--- START ---
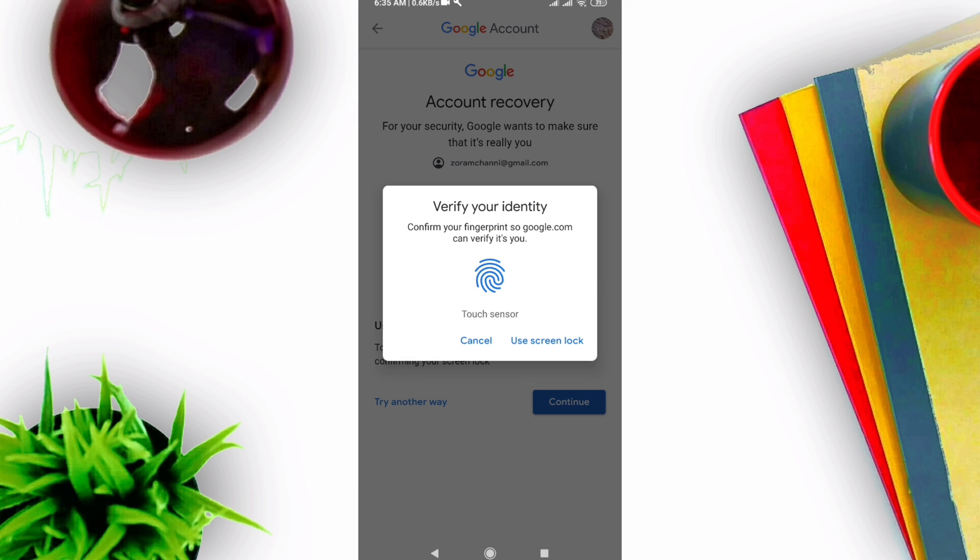You need to verify your identity by entering your fingerprint or PIN to confirm it's you and this is your mobile device.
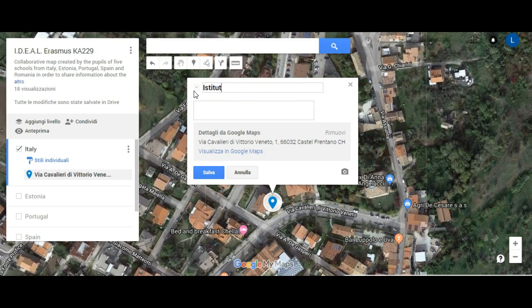In the title bar, we are going to write the name of the school. And in the description spot, we can add all the details we want.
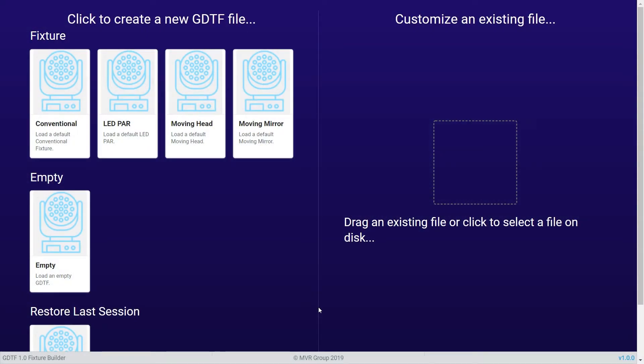In this short video we would like to introduce you to the web-based GDTF file builder which provides a convenient way of making GDTF files.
--- END ---
> [Problem details]
Would you please transcribe the listing in full, exactly, while omitting the images?

> [Expected answer]
You need to verify your identity by entering your fingerprint or PIN to confirm it's you and this is your mobile device.
In the title bar, we are going to write the name of the school. And in the description spot, we can add all the details we want.
In this short video we would like to introduce you to the web-based GDTF file builder which provides a convenient way of making GDTF files.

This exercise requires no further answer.